Les Différents Types d'Entreprises Agricoles
Les entreprises agricoles se caractérisent par une grande diversité, allant des exploitations familiales aux grandes entreprises agro-industrielles. Voici quelques exemples :
- Les cultures spécialisées, se concentrant sur la production d’une ou de plusieurs cultures, comme les céréales, les fruits, les légumes ou la vigne.
- L’élevage, qui couvre la gestion d’animaux pour la production de viande, de lait, d’œufs ou pour d’autres usages (comme la laine).
- L’agrotourisme : alliant agriculture et tourisme, ces entreprises agricoles diversifient leurs revenus tout en proposant une expérience immersive aux consommateurs.
- L’agro-industrie, qui transforme les matières premières agricoles en produits finis ou semi-finis.
- L’agriculture biologique et durable, avec des pratiques qui minimisent l’impact sur l’écosystème.
Les entreprises agricoles se trouvent à l’intersection cruciale des enjeux économiques et environnementaux, dans un paysage où la productivité et la durabilité doivent coexister.
Lire aussi: Définition du Conseil en Franchise
Les Défis et Enjeux des Entreprises Agricoles
Les entreprises agricoles sont des contributeurs significatifs à l’économie. Elles génèrent des emplois, des revenus et assurent la stabilité des communautés rurales. Leur succès influence directement le PIB et la balance commerciale d’un pays, à travers l’exportation de produits agricoles. L’agriculture a un impact considérable sur l’environnement, étant à la fois victime et contributeur au changement climatique. Les pratiques agricoles traditionnelles peuvent entraîner la déforestation, l’épuisement des sols, la perte de biodiversité et la pollution de l’eau.
Les entreprises agricoles doivent faire face à une multitude de défis, les forçant à faire preuve de résilience et d’adaptation.

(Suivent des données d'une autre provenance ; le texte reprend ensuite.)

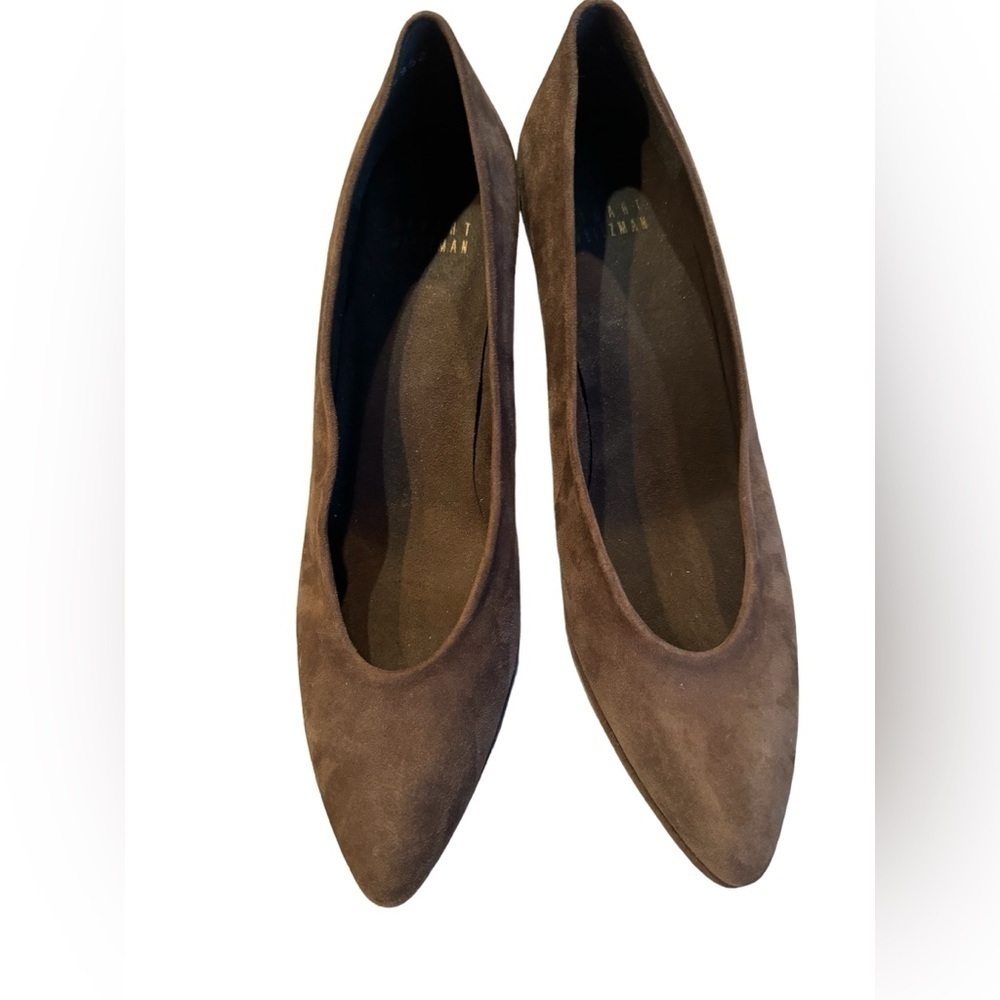 Stuart Weitzmanβ brown suede pumps in size 8N.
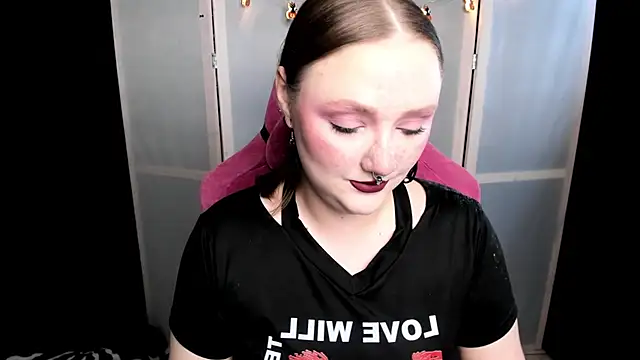 Snapshot of YourDyingBride chatting on October 26, 2:01 am YourDyingBride online show from October 26, 2:01 am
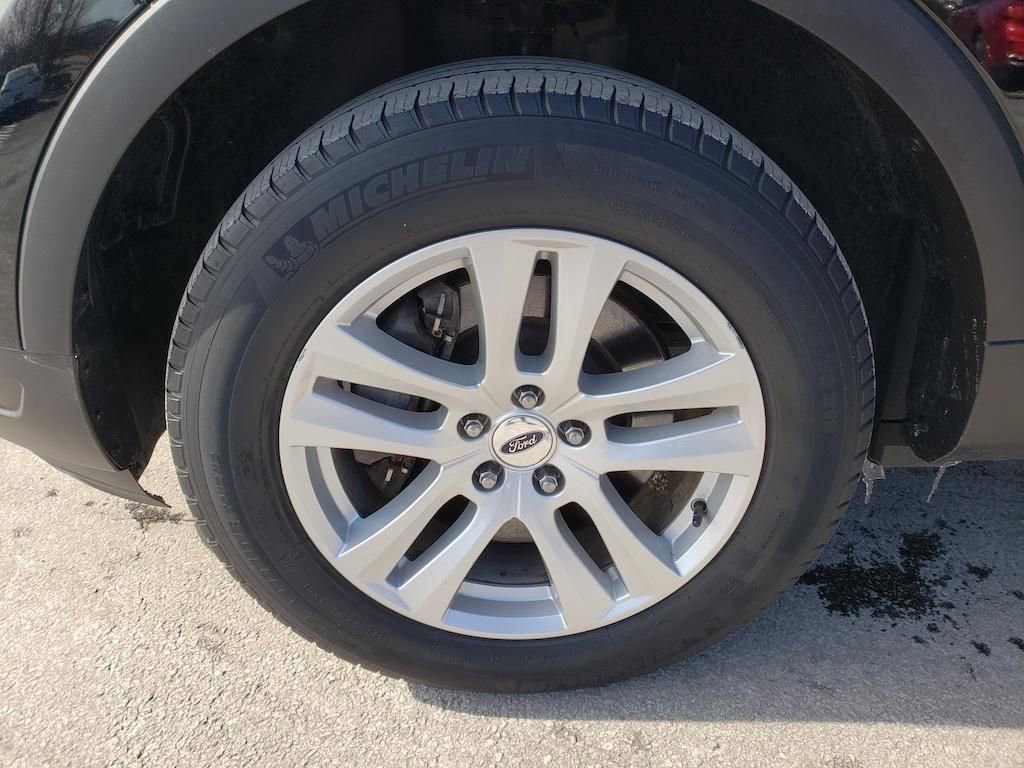 Used 2018 Ford Explorer XLT w/ Equipment Group 202A image 35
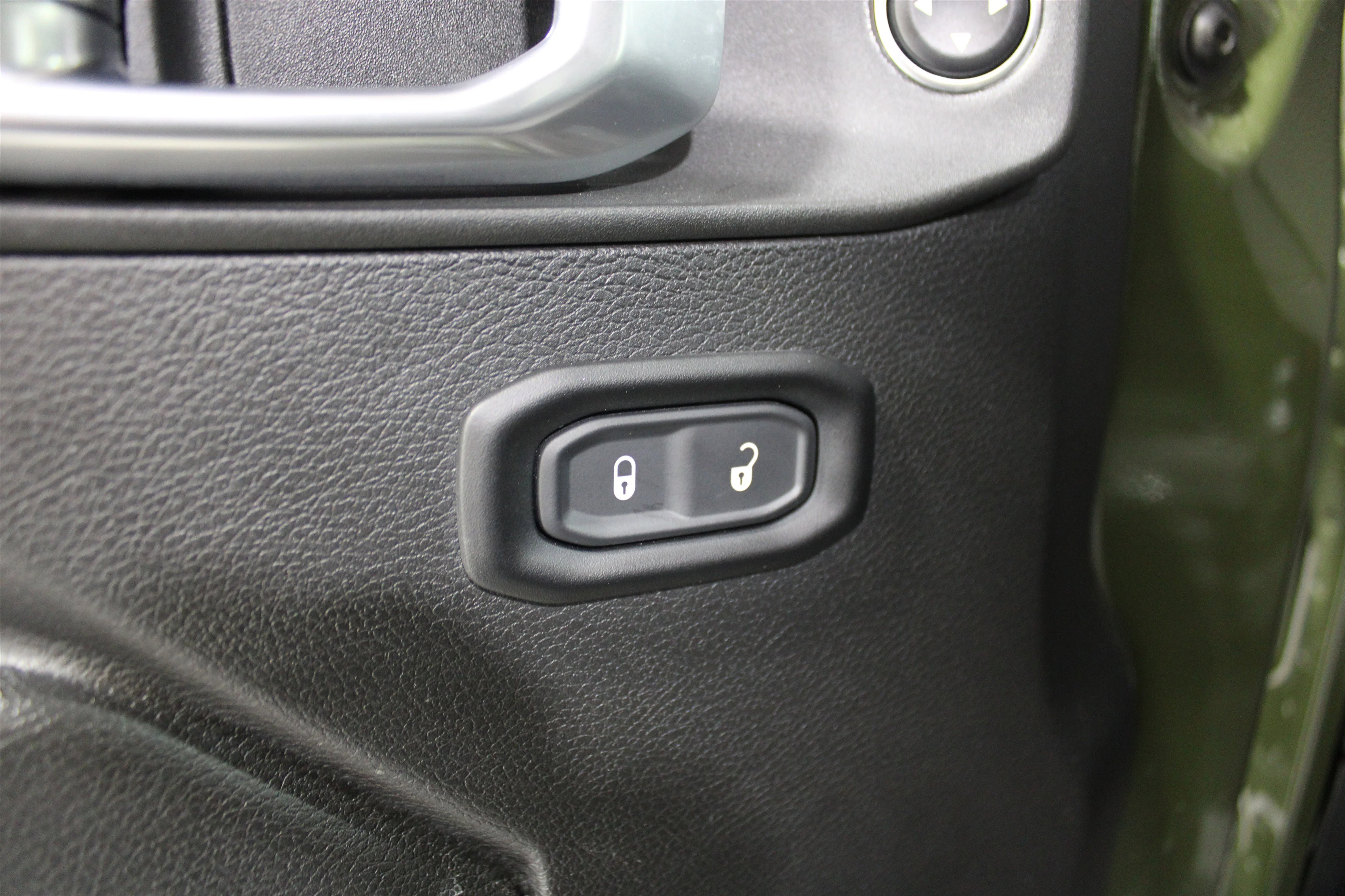 2024 Jeep Wrangler 4xe Willys 4XE - Photo 8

- Un des principaux défis réside dans la fluctuation des prix des matières premières et des produits agricoles, exacerbée par la concurrence internationale.
- Les effets du changement climatique, comme l’augmentation des températures, les variations extrêmes des précipitations et la fréquence accrue des phénomènes météorologiques extrêmes, impactent gravement les activités agricoles.
- La nécessité de réduire l’empreinte écologique impose aux entreprises agricoles d’adopter des pratiques plus durables.
- L’innovation technologique offre des solutions prometteuses pour surmonter les nombreux défis. Cependant, l’accès limité aux technologies de pointe et le besoin en compétences spécifiques représentent un frein majeur.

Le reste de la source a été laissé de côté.